An exhibition of new sculptures by Houston artist Steve Murphy will be on display February 18–March 17, at William Campbell Contemporary Art. An opening reception will be held Saturday, February 18, 6:00–8:00 p.m. The show will feature Murphy’s geometric, three-dimensional forms of welded steel, lead, and wood. Abstract and largely minimalist, the pieces embody grace and movement while also exhibiting a controlled precision.
Murphy’s interest lies largely in the formal elements of sculpture: line, form, space, and volume. He works to reduce each to its purest essence, at the same time exploring the geometric relationships inherent within the forms. This ongoing fascination with geometry often centers on the ellipse, which the artist exploits to create a controlled and continuous curvature throughout each piece. The simple yet lyric curves evoke movement and energy.
Is There Something More suggests slow, thoughtful motion as it rises up from the ground and gently arcs through space. This monolithic figure, at once solid and flowing, reveals beauty in its simplicity. The sensuality of the surface belies its initially smooth appearance, as it evidences the artist’s hand. Murphy has worked the exterior to create a patina through chemical-induced oxidation, giving the piece its intense coloration, tactile sensibility, and overall deeper dimension.
If I Had My Way rests carefully on its elliptical curve, displaying potential energy and balance. The juxtaposition of contrasting colors and materials adds an asymmetry that heightens the visual stimulus of the piece. Pure line and form interact fluidly to create an austere and engaging sculpture.

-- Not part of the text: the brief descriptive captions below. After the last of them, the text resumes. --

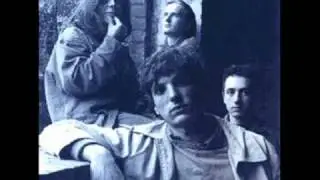 Wonky Alice - Son of the Sun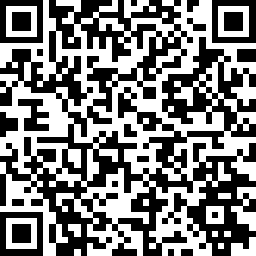 QR-Code zum App-Download QR-Code zum App-Download
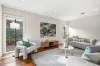 18 Kanbara Street, Flinders Park, SA 5025-Image
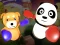 Gra Pet Party w Internecie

Murphy has a background in industrial design, and his vast knowledge of technological innovations and chemistry inform his work. He begins the creative process by mapping out each sculpture with drafting software—a method that not only facilitates the artist’s process, but also makes construction of such complex geometric forms possible. He then translates the two-dimensional design into a three-dimensional model, which serves as a basis for the final construction. After the forms have been produced, Murphy plays with their surfaces, emphasizing and augmenting the natural beauty of the raw materials. The steel pieces are fabricated via welding, and their surfaces manipulated by the artist through grinding, smoothing, and chemical application to produce the desired patina. Murphy’s handling of the materials juxtaposes the geometric with the organic, transforming crude, industrial surfaces into rich, sensual volumetric planes.